Quando andammo a vedere il concerto dei Pink Floyd a Livorno. Noleggiammo un furgone dove potevano stare otto persone e invece eravamo in 13. Al ritorno ci ha fermato la polizia, eravamo fuori come dei copertoni, ci contano e ci fanno un mazzo… eravamo dei ragazzi. Eravamo rock così.

Un’altra cosa strong che hai fatto nella vita?
Me ne sono andato a vivere tre mesi in Amazzonia brasiliana. Sono partito da Panama e sono andato a Manaus, in autobus, insieme a due miei amici. È stato molto interessante con gente di etnie diverse, la musica brasiliana, la capoeira e una cucina meravigliosa.

Prima di lasciarti una curiosità: ma il tanto ventilato attrito con Carlo Cracco era vero o no?
Ma no, perché si dicevano queste cose qua?

Be’, sì…
Con Carlo abbiamo sempre avuto una grande complicità. Lui era il bello, il tenebroso, quel personaggio lì. Io ero il rompicoglioni di turno. Io arrivavo dalla campagna, lui da Milano.
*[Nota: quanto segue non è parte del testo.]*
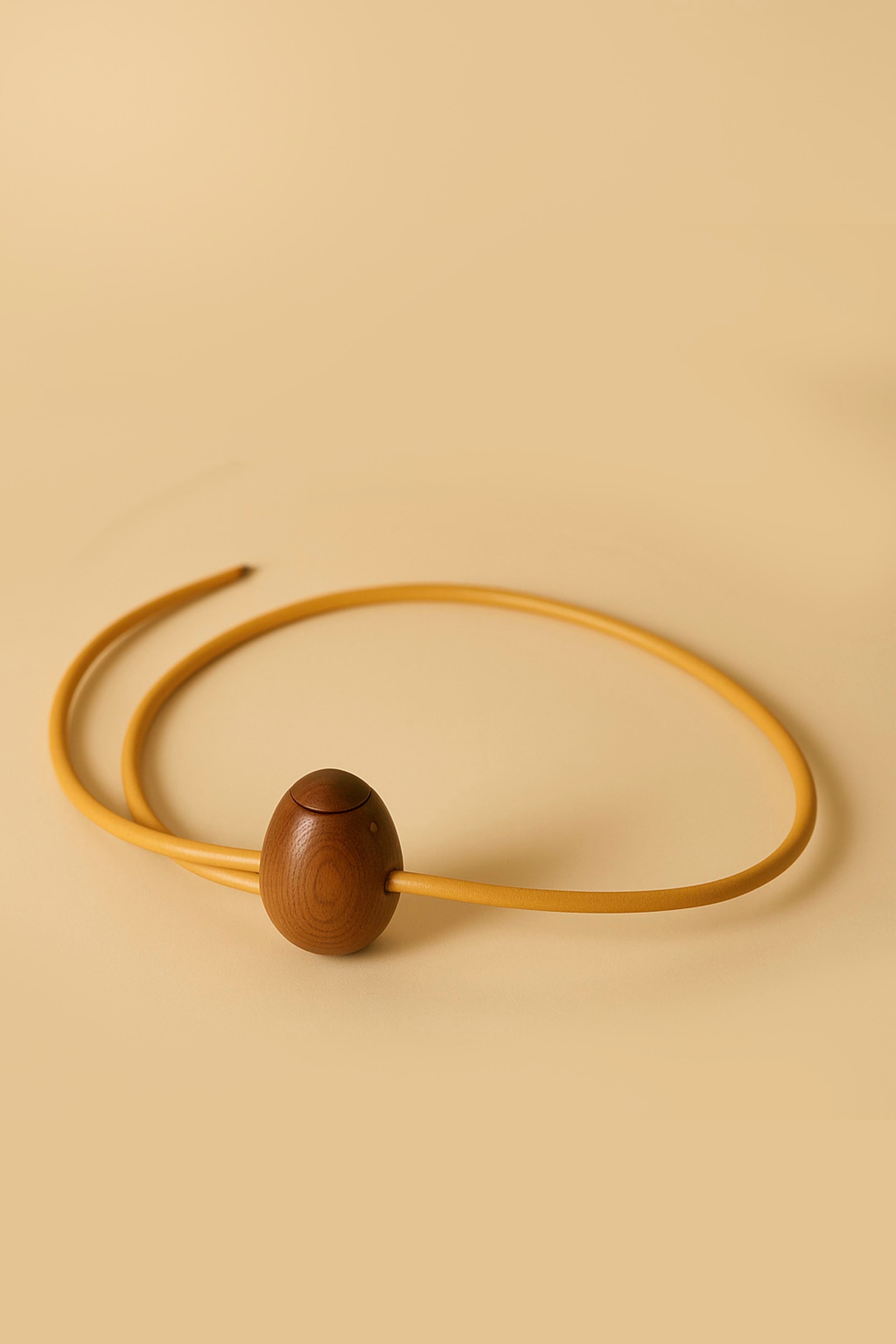 Cintura Uovo / Legno di mogano / Cuoio giallo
Senti, ma che programma vorresti fare oltre a MasterChef?
Faccio 4 Hotel che è un altro dei miei pallini: far crescere l’hôtellerie italiana è una delle chiavi di svolta di questo Paese. Come abbiamo fatto, per la cucina, con MasterChef.

Ok, a parte questo?
Mi piacerebbe fare un programma in giro per il mondo, al di fuori degli itinerari normali. Adesso sto progettando un viaggio in India.

Ah sì?
È uno di quei posti per cui ho un’attrazione, dove vorrei andare. Mi sono programmato un giro, ascoltando alcuni amici, e ho scoperto questo posto grazie al mago Dynamo che fece delle puntate del suo show legate all’India. Ho visto luoghi interessanti che mi potrebbero appartenere, gastronomicamente parlando. Dobbiamo, con il mio clan, documentare, perché anche il discorso amatoriale a me piace molto.